Now, the Earth says that at its x=0, t=0, the ship sends out a radar pulse. This radar pulse travels at c, being a photon, and it will arrive at the dust grain at (d, d/c).

If I do a Lorentz Transform at the event on when the dust grain recieves the radar pulse, I get the following:

equation 1 equation 2

d' = γ(d-vd/c) and t' = γ(d/c-vd/c^2).

γ is gamma, v is velocity, d is dust grain coord for Earth, c is light speed. d' is grain coord as seen by ship, t' is time coord as seen by ship for grain to recieve radar pulse.

Notice that in the ship's t' calculated here, the -γ(vd/c^2) term matches the transformed t' from transforming (d,0) to the ship's time.

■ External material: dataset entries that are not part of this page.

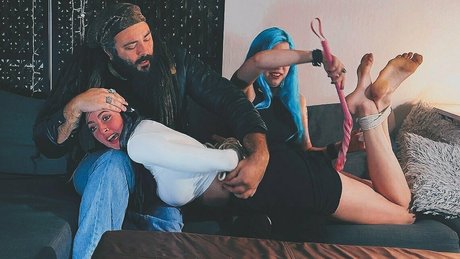 lionofthebay top schöne galerien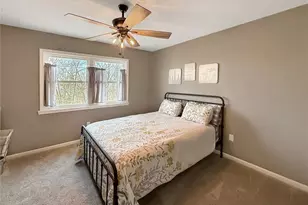 23568 Monroe Road 577, Stoutsville, MO 65283 - Photo 36
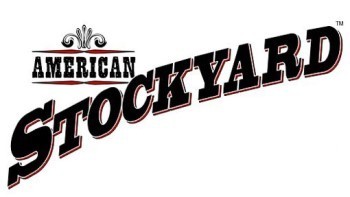 American Stockyard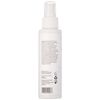 PHILIP B pH Restorative Detangling Toning Mist 125 ml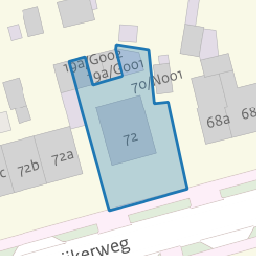 Perceel NST01-B-8079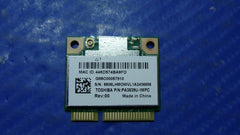 Toshiba C855D-S5202 15.6" OEM WiFi Wireless Card PA3839U-1MPC V000270870 ER* - Laptop Parts - Buy Authentic Computer Parts - Top Seller Ebay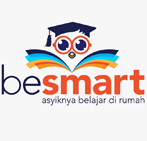 Be Smart Logo.png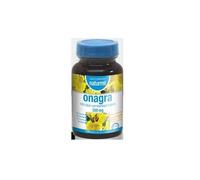 Naturmil Onagra 500mg 120 perlas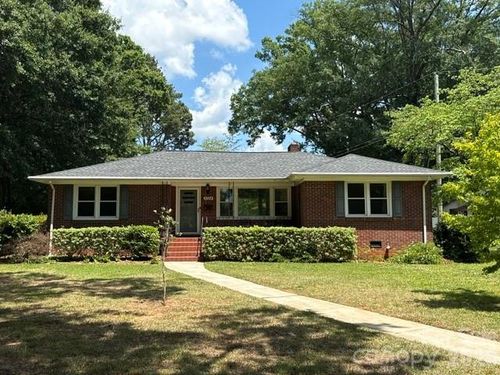 1024 Woodland Dr, Rock Hill, SC, 29732-3114 | Card Image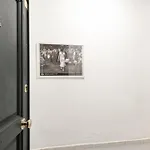 Centric Apartment Molino P3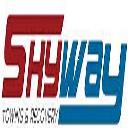 Skyway Towing & Recovery logo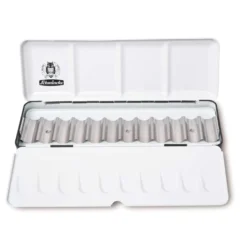 SCHMINCKE HORADAM® Aquarell Leerkästen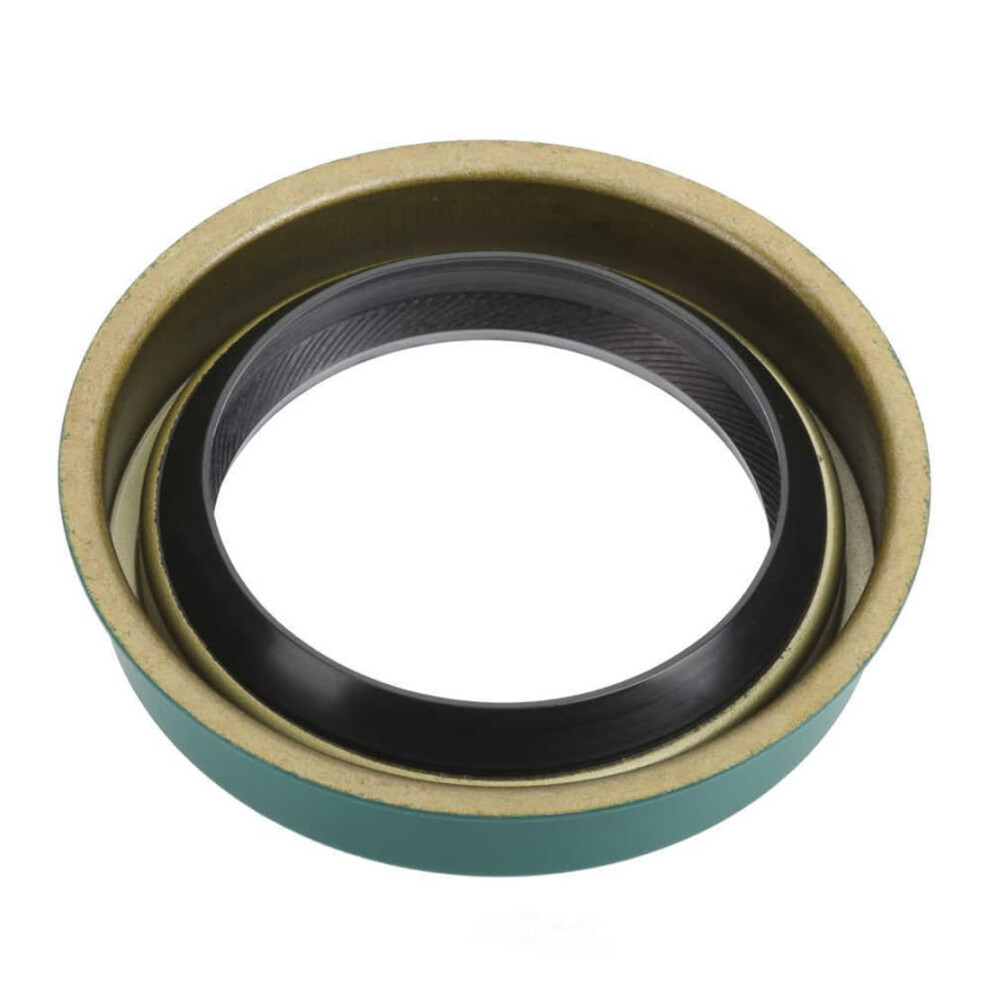 Automatic Transmission Extension Housing Seal For Gmc Sierra 3500 2500 Hd Classic 2007 6.0L V8 Oe 8627145 9113335773110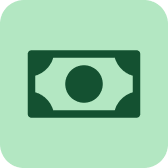 green money0icon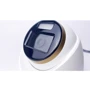Hikvision DS-2CE72DF3T-F 3.6 mm: Производитель Hikvision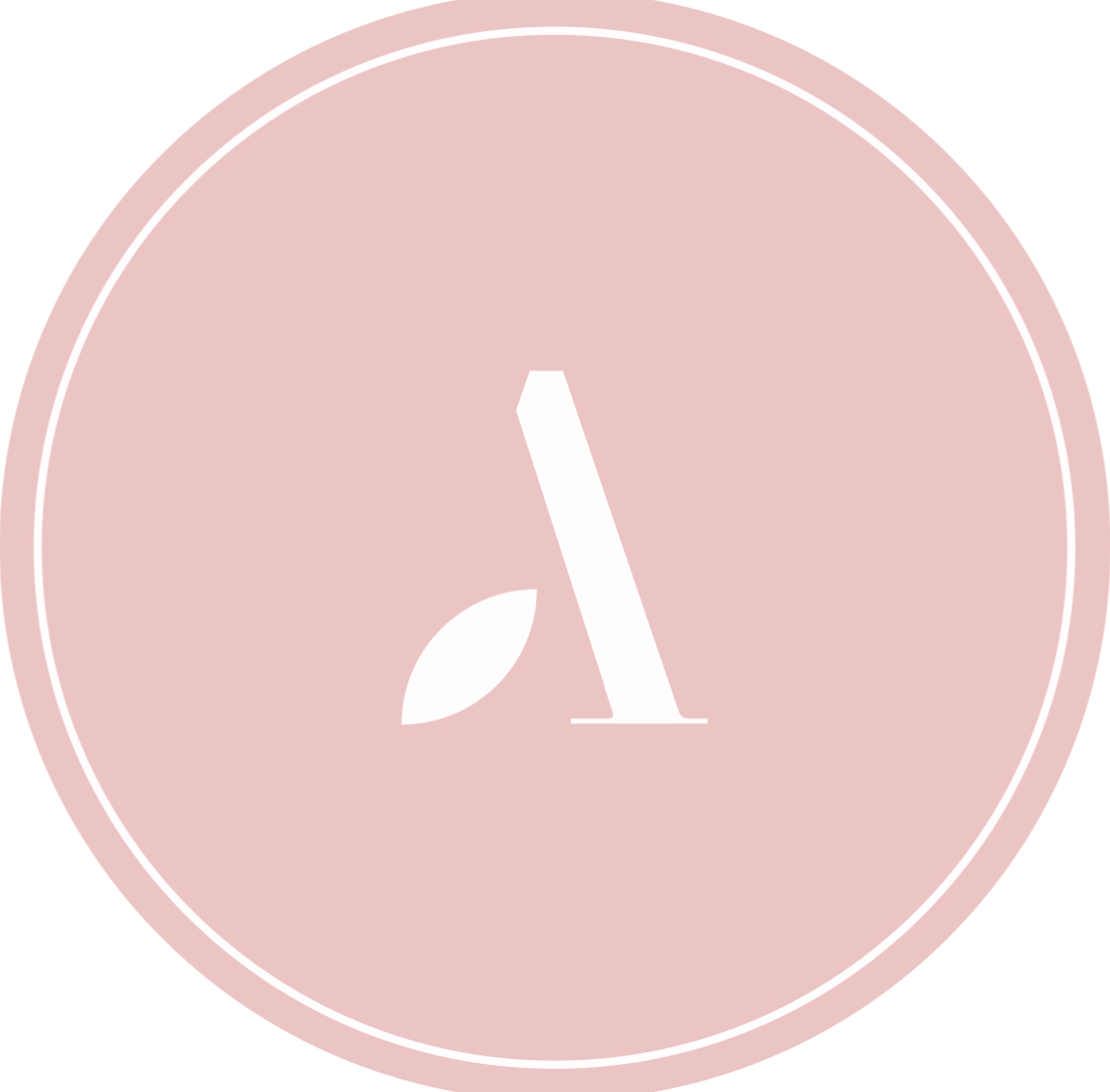 اروت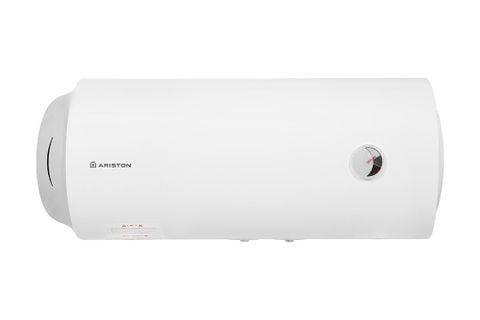 Bình nóng lạnh gián tiếp Ariston 80 Lít PRO R 80 SH 2.5 FE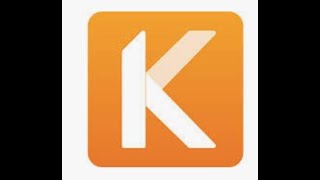 TechSmith Knowmia: Recording a Video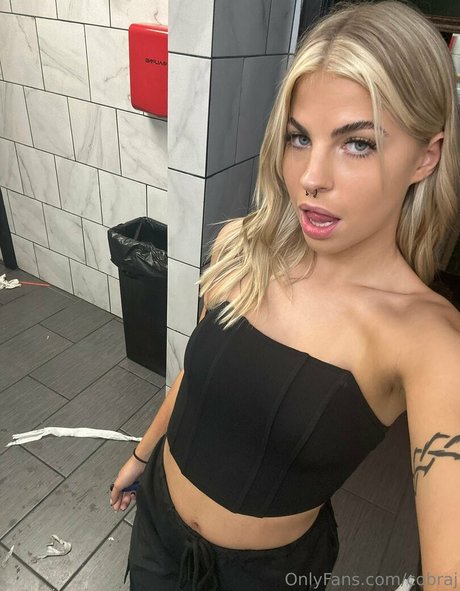 cobraj star hd photos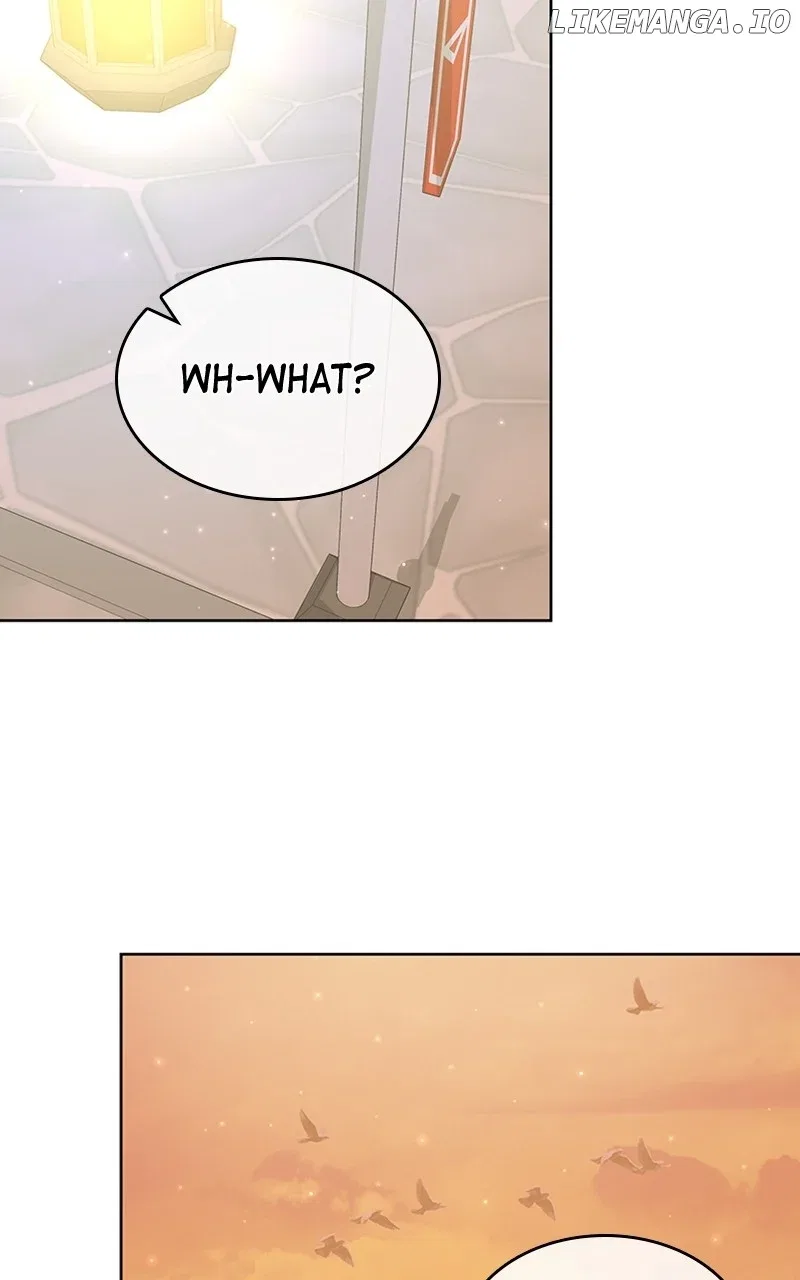 Describe Your Feeling When Being Reincarnated as Your Husband’s Mistress Chapter 35 – Page 52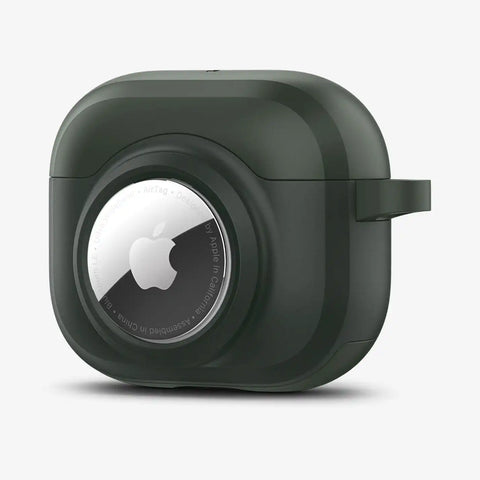 AirPods Series - Tag Armor Duo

Now, here is the problem. Look closely at t' = γ(d/c-vd/c^2). It has two terms. The way I read this is that, in the ship's frame, at the time beginning with the offset -γ(vd/c^2) the ship fired a radar pulse at c and the radar pulse travelled a distance d'/c. The problem I have here is: doesn't the dust grain move towards the ship, so that if I didn't use a Lorentz Transform from a ground frame, I would write d'-vt'=ct' (equation 3) for the ship? If, I discard th " vt' " term in equation 3, I agree with the first term in equation 2 above. In writing d'-vt'=ct', I think I am saying that my radar pulse will collide with the dust grain moving towards me, but this doesn't agree with equation 2. Why doesn't this make sense? The first term of Equation 2 seems to say that the dust grain won't move at all in the ship's frame, but simply be contracted. Equation 2 seems to imply that in the ship's frame, the radar pulse will travel to the dust grain in time d'/c. So I don't know which to believe here.

I looked up some derivations of the lorentz transform. Is the idea that, in the ship's frame, the ship stays still and the ground moves with respect to the ship already incorporated into the structure of the the Lorentz Transforms? This is all I could think of to reconciles this inconsistency.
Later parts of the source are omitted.